When I made unembossed foundation, I only soaked the plywood moulding board thoroughly in water before pouring a thin layer of wax over it, and that worked fine. You don't need a lot of wax at all.

I tried doing that, but the results (for me) were very variable - and eventually I gave up trying.

I also tried dipping strips of fine insect netting into a shallow pan of molten wax - it sort of worked, but tended to melt and distort the plastic mesh.

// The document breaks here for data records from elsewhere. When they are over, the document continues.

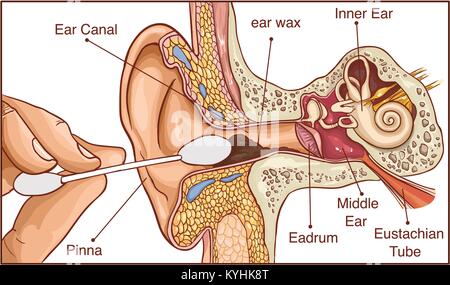 La Section de l'oreille avec le cerumen - schéma coloré Illustration de Vecteur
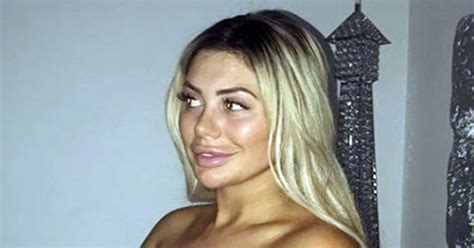 Chloe Ferry Strips Topless To Show Off New Nose And Boobs After Plastic Surgery Daily Star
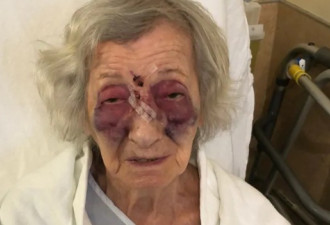 92岁老妇乘公交被打:智障打人者不会被诉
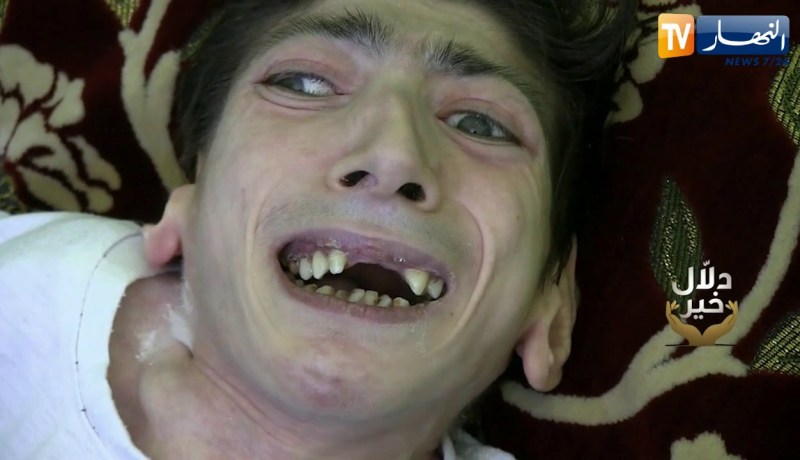 دلال خير: حمّى بسيطة جعلت من شاب طريح الفراش لـ 24 سنة ووالده لم يتحمل عبء علاجه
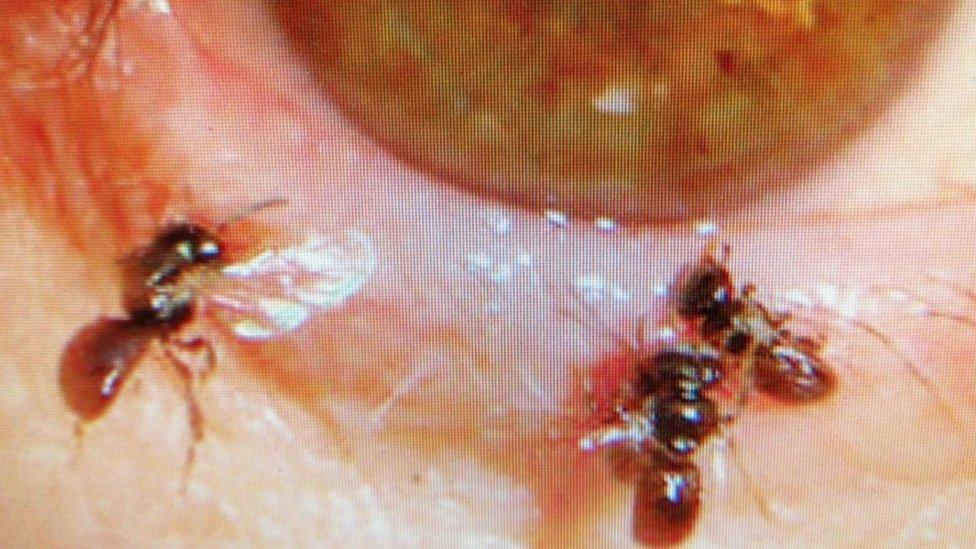 Three sweat bees near a woman's eye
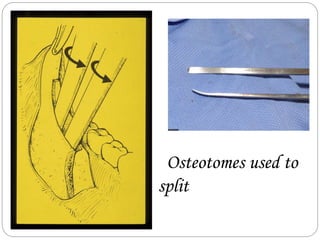 Osteotomes used to
split
 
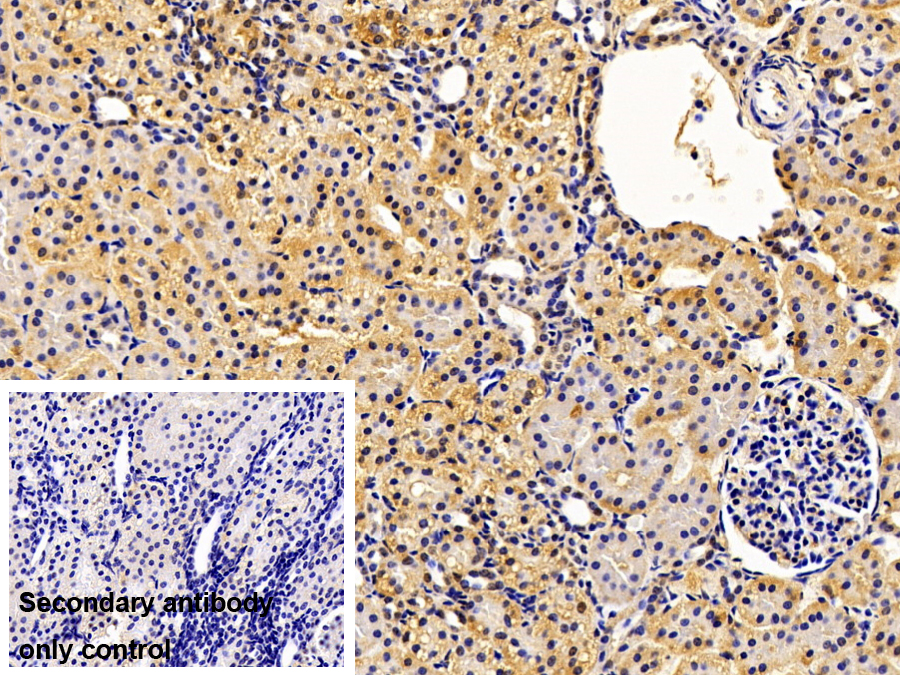 Polyclonal Antibody to Glutathione S Transferase Pi (GSTp)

And then, after one abortive attempt at queen rearing when a queen somehow got through a Q/X, I found that they'd very happily drawn comb from a strip of vertical cells melted onto a bar rather than q/cells - so now that has become my preferred method of starting combs off. :)

LJ
 
... I found that they'd very happily drawn comb from a strip of vertical cells melted onto a bar rather than q/cells - so now that has become my preferred method of starting combs off. :)

LJ

Somebody on the SBA forum mentioned that as well (but for apideas). I may try it next year.
K
 
Thought I'd quickly revive this thread, as earlier today I came across a FatBeeMan video which shows one of his mates using a flat plate to make a sheet of plain (unembossed) foundation. The video has 2 links (dunno why):

Code:
http://www.youtube.com/watch?v=hNlgTy-YERg
http://www.youtube.com/watch?v=5lU3C4f2Xfc

The video's a bit shaky - but stay with it - here's a captured still of him inverting the plate after immersion, to cool the wax, before making a second dip :

2mmuyhx.png


The main advantage to using this technique, is that you don't need a whole bucketful of wax to get started - even a couple of ounces would probably be enough.